Concurrency

In Hunt & Hunt v Mitchell Morgan Nominees the High Court went a long way towards clarifying when a claim is ‘apportionable’ under the apportionment legislation which is typical throughout Australia. The test is whether the loss arises from a failure to take reasonable care.

That case was about solicitors who prepared security documents for a lender which advanced money, secured by real estate, to people who turned out to be fraudsters. The security documentation was deficient and so the security could not be enforced against the real estate. That was a loss arising from a failure to take reasonable care. The solicitors were liable, but the High Court agreed that the claim was apportionable against the fraudsters who were ‘concurrent wrongdoers’ because, in terms of the legislation, they had also caused the loss. The loss was the lender’s inability to recover the amount of the loan.

In a recent NSW Court of Appeal case, a woman successfully sued her husband’s solicitors who had acted in the sale of the jointly-owned marital home following the breakdown of the marriage. The solicitors had paid all of the proceeds of sale to the husband, whereas some belonged to the wife, and the husband had refused to hand over her share.

The Court decided that the claim against the solicitors was not apportionable against the husband because:

  • the loss caused by the solicitors (loss of the entitlement which the wife had to the proceeds of sale as a joint owner of the property) was different to the husband’s failure to pay the wife in accordance with an order made in the Family Court. So the husband had not caused the same loss, which is a prerequisite for apportionment;
  • in any case, the husband had not ‘caused’ the solicitors to fail in their duty to the wife;
  • the husband owed no duty of care to his wife and so had no liability to her for damages. It is inherent in the notion of ‘concurrent wrongdoer’ that the plaintiff has, or had, a good ‑ albeit not necessarily recoverable ‑ cause of action sounding in damages against the alleged concurrent wrongdoer.

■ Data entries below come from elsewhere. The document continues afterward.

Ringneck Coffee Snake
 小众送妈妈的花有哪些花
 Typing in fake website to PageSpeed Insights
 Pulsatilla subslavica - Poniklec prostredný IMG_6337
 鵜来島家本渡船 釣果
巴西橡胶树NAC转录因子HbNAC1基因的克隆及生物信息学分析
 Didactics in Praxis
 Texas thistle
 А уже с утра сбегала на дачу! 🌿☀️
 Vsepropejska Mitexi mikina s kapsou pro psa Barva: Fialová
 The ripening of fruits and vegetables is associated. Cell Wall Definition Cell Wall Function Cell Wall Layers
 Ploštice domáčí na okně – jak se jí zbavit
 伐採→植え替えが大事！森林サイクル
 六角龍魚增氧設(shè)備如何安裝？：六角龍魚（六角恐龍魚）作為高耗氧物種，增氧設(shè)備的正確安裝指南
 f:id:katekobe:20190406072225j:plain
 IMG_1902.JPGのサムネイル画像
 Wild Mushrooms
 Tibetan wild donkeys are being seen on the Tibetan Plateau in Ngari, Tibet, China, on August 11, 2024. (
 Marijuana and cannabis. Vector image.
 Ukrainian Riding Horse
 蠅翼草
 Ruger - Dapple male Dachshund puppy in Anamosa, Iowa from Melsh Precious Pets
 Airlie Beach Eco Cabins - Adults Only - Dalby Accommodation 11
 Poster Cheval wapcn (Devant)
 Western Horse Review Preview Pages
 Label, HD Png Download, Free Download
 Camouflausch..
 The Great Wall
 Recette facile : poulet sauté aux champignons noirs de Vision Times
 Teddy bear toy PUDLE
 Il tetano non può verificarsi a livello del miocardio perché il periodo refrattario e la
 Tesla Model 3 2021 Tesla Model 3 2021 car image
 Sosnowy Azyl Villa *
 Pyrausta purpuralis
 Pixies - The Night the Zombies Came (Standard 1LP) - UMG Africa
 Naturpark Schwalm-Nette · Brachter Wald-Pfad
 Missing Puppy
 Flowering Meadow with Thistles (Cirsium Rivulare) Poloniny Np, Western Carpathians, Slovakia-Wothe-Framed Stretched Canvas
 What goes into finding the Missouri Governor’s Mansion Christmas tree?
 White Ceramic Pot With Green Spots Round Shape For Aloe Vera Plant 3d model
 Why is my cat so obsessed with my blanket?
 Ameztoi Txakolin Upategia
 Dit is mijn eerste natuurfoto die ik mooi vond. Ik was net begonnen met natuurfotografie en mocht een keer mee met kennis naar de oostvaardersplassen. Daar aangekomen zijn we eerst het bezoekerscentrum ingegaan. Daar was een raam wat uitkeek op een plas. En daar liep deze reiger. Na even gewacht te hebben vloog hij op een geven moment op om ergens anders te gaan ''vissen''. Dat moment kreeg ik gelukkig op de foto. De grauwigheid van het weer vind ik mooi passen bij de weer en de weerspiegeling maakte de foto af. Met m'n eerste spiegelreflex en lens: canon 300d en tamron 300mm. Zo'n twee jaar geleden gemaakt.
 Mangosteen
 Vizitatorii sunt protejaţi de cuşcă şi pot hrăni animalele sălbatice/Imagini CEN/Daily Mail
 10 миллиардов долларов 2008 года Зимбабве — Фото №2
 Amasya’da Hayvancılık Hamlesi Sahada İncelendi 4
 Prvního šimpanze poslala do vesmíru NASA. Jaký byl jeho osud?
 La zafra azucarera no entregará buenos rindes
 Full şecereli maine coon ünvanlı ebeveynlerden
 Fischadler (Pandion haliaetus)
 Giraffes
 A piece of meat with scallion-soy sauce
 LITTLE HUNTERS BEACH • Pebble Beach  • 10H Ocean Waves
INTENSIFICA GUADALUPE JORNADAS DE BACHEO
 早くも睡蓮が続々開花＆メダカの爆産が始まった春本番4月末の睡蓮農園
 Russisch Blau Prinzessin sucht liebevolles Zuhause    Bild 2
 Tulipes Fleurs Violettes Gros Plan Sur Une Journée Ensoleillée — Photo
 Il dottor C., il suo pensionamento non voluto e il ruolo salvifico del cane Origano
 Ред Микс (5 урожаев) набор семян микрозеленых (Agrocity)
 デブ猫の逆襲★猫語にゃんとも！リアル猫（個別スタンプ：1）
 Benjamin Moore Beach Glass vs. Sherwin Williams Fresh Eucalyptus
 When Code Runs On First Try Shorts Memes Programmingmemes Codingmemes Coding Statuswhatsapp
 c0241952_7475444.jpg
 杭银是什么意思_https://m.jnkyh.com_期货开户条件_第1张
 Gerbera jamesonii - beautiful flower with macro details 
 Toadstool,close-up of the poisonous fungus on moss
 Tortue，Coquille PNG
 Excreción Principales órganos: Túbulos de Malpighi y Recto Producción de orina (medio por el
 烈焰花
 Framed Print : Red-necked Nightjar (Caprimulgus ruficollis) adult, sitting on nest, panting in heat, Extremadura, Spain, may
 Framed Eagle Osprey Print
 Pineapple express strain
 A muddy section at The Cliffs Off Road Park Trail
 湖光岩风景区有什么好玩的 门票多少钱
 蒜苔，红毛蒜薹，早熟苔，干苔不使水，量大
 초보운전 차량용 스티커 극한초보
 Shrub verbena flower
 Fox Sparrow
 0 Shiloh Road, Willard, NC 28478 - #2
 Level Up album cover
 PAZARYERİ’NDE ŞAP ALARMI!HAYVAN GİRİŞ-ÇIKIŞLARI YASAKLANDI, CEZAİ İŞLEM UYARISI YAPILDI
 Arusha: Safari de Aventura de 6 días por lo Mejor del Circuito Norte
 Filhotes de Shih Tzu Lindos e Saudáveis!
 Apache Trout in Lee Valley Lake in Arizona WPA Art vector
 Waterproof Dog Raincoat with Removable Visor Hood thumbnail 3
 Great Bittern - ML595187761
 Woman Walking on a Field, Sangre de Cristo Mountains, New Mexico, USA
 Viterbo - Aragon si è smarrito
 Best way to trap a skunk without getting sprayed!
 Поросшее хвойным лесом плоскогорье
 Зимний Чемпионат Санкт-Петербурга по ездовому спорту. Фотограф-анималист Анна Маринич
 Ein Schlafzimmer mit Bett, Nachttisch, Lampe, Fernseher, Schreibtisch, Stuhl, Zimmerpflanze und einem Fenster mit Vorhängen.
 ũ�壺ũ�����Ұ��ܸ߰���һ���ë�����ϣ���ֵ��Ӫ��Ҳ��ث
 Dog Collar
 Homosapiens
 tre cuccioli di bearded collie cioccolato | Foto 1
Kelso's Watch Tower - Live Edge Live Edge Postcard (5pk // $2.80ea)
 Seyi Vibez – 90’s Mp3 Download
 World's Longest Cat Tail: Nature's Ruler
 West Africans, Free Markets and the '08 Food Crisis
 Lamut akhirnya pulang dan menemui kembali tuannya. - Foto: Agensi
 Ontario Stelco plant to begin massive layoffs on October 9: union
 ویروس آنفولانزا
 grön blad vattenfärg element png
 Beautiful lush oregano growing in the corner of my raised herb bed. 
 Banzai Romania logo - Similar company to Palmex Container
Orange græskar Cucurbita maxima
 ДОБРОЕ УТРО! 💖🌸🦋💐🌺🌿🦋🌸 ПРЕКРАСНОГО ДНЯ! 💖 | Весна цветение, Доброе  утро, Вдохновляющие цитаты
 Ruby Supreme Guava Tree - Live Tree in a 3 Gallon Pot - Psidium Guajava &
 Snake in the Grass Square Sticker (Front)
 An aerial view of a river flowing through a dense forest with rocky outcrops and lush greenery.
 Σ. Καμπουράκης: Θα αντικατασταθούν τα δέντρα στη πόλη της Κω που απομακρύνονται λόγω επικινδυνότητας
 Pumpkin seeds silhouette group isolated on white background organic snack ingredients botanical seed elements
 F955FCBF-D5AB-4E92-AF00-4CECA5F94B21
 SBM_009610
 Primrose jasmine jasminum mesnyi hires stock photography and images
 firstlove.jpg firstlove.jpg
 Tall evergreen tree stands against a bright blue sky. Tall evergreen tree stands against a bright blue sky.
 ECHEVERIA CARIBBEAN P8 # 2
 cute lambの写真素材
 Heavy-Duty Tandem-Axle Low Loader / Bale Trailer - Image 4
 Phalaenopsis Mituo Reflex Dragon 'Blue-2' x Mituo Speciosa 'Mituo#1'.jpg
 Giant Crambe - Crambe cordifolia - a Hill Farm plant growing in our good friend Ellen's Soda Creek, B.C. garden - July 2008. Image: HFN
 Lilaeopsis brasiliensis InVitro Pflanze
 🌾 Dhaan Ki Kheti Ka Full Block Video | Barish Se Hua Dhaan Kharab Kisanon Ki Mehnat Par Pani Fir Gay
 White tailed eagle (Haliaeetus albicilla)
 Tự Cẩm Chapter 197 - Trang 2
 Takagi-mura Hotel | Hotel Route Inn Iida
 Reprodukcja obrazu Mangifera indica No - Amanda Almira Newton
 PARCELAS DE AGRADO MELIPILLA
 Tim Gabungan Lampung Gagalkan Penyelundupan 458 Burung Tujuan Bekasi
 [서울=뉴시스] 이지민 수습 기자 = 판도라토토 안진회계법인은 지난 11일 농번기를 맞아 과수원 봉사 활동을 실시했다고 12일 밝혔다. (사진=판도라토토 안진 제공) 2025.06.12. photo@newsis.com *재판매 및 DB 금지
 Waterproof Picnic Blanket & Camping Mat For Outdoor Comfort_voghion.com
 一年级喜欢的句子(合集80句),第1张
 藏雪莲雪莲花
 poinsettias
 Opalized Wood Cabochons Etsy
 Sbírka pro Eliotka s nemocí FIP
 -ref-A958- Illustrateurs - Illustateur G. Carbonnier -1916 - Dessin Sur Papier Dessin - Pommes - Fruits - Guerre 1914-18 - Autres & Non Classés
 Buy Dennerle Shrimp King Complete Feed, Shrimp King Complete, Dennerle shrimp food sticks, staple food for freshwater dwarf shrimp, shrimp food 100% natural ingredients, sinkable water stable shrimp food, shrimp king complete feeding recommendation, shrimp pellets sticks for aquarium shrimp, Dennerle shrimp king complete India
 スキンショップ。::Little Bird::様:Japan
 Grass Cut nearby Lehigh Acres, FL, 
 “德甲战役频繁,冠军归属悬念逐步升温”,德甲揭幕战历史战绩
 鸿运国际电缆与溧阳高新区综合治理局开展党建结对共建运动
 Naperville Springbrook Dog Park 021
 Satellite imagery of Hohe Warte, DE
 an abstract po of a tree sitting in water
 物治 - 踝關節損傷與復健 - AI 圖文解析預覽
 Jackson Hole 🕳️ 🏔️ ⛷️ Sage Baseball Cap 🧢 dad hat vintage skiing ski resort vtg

In our view the first ground arguably conflicts with the High Court decision. The High Court found that, in effect, the loss was loss of the money, however described.

The third point is an interesting gloss on the apportionment legislation, but appears to be consistent with previous decisions.

Trajkovski v Simpson.

Two aspects of the apportionment legislation ‑ arising from a failure to take reasonable care and caused the damage or loss that is the subject of the claim ‑ continue to be explored on a case-by-case basis.